Having done all this thinking, and planning on a grand scale, let's think about the day-to-day. It's OK to want more time and attention, it's certainly OK to indicate, however you can within your relationship, when you are feeling neglected. However, you need to consider this carefully. Are you being neglected, or are you wanting more of a good thing? There is no harm in wanting more of a good thing but if you seek more attention at a time when your dominant doesn't have the capacity to readily give it to you simply because you want more, you aren't really considering her and her situation. Although you may have to be selfish at times, you should normally expect to put the dominant first. If, on the other hand, you wait to indicate your need until you are feeling so neglected you have become miserable, depressed or angry, you have waited too long and you are risking damaging the relationship which is also not good for your dominant. You may like to consider code words, like safe words, that you can use to indicate how this is going. "Longing for time with you," could be the first warning that you're starting to feel neglected. "Yearning for you," could be the second warning, and "desperate for time with you," becomes the emergency signal that things are really bad - a bit like green, amber and red if you use the traffic light signals in a scene. You can, of course, choose words and phrases that suit you - but make sure your dominant understands them too. And, when considering this, think carefully about your need - you may want time today, time tomorrow, time every day, but if you accelerate from "love you" to "longing for you" to "yearning for you" to "desperate for you" in a matter or hours or a couple of days on a regular basis, I wouldn't believe you and your dominant probably won't either. You're in a situation a bit like the boy that cried fire from the poem - he did it so often when there was a fire, the people walking by simple mutter "little liar" and so he burnt to death.
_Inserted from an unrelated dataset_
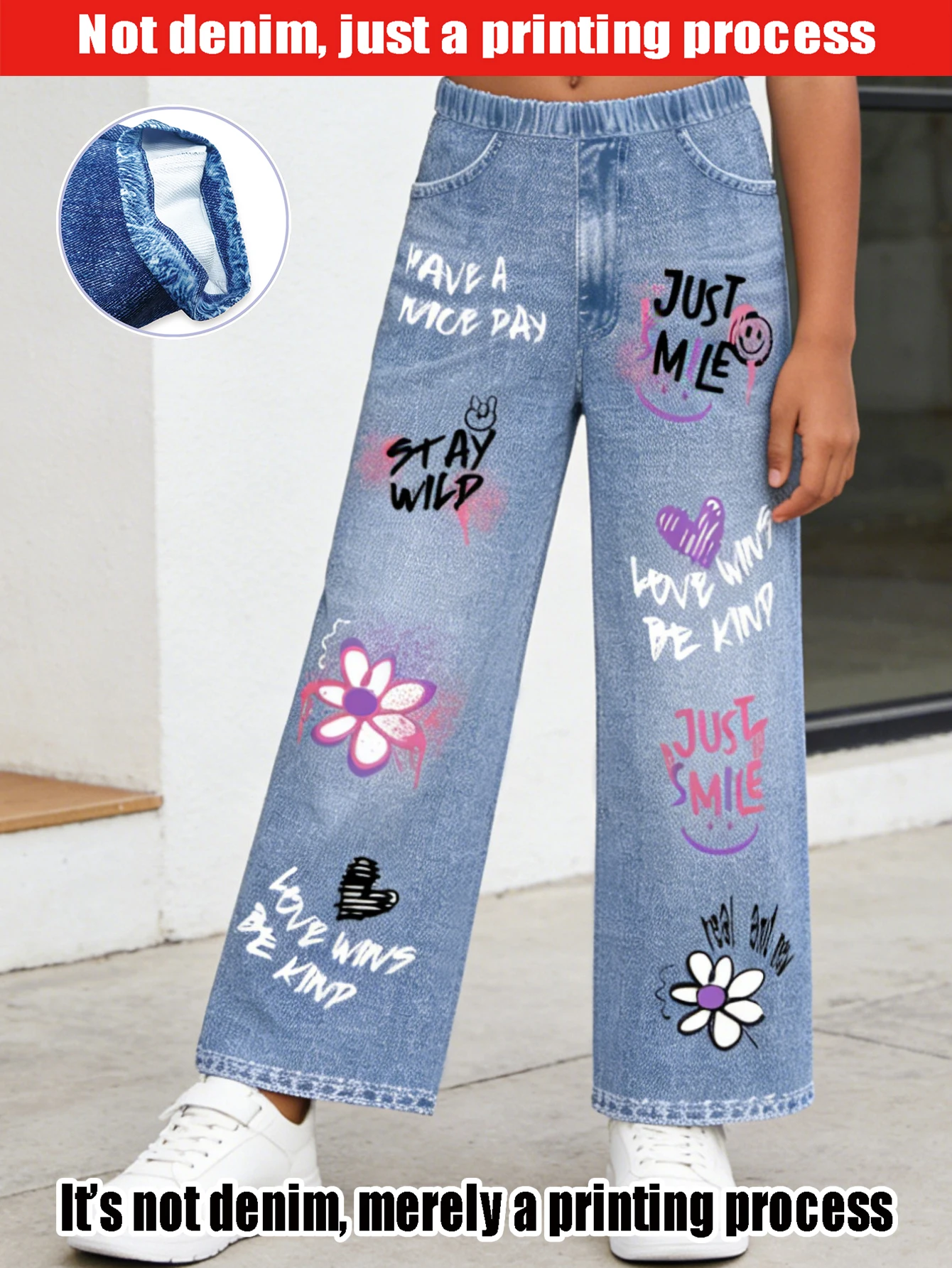 

2026 Children's English Slogan Graffiti Flower Light Blue Simulation Denim Straight Pants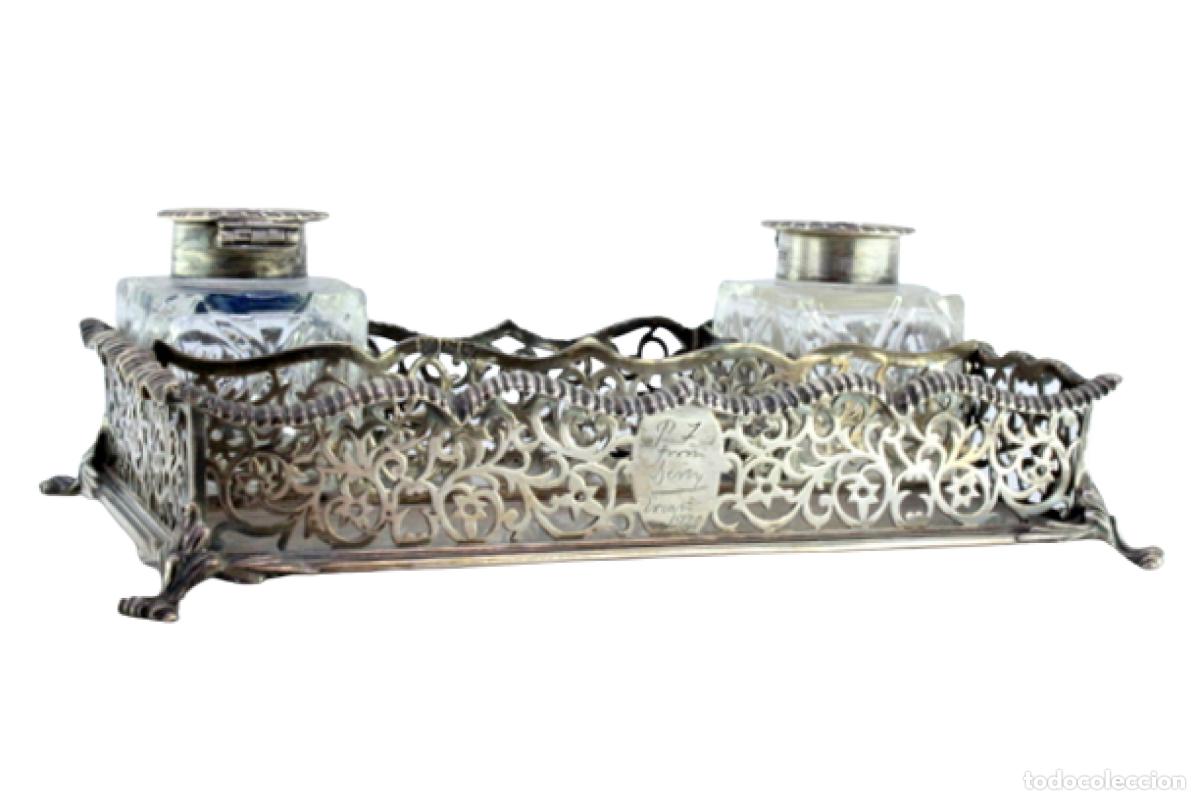 Antig&uuml;edades: tintero de plata - Foto 1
It may be you, rather than the dominant that has the time issues thanks to Real Life - or both of you of course. It can be very hard, particularly if you are a slave rather than a sub, to negotiate ways to spend not so much time with your dominant. This would be a time to step out of role and honestly, but respectfully, discuss what you can do and what you can't do for her. Can you find 20 minutes a day to spend with your dominant? Can you find an hour a couple of times a week? This is probably not ideal for both of you, but maintaining the relationship takes some time and effort. When you do have time, you should expect to be wholly at your dominant's mercy, even more than usual, because she will have indulged you around your work time. If you really don't have time to give to the relationship, you should consider leaving it or changing the nature of your relationship to cope. It's not always the dominant that can't give the time - and the dominant may well not be too impressed if the only time she sees you, you are totally desperate for her attention even above her desire to control you.

CONCLUSION
It is almost certain given how universal this desire for more time and attention is that you can't, whether you are the dominant or the submissive, get rid of it. Hopefully the thoughts, ideas and experiences above have at least indicated if not convinced you this desire for time and attention is probably incredibly intimately tied to being a submissive and the nature of the D/s relationship - so if you work hard on removing this element of the submissive character traits you might well destroy what makes them submissive too - which is not really the goal of anyone who is likely to be reading this. You might be a submissive who doesn't want to be, but dominants tend to need submissives to let them express their dominant nature as much as submissives need dominants to submit to.

Given that you seriously need, in any relationship you are in that is going to last more than a scene, to consider how much time you have to give as a dominant, and how much time you need (as opposed to want) to have as a submissive. If there is a bad mismatch here, just as much as if there is a bad mismatch in the limits and interests of the partners, you might consider this a bad sign for the long term stability of the relationship.

As a submissive, you should consider how you can change to accommodate your dominant, and be understanding of the fact that she has other demands on their time. As a dominant you may wish to consider how you can change your activities in a way that doesn't significantly inconvenience you, but lets you give your submissive more time with you - remember simply being in your presence may help - and how to give her the attention that she needs in a way that you can afford personally and professionally.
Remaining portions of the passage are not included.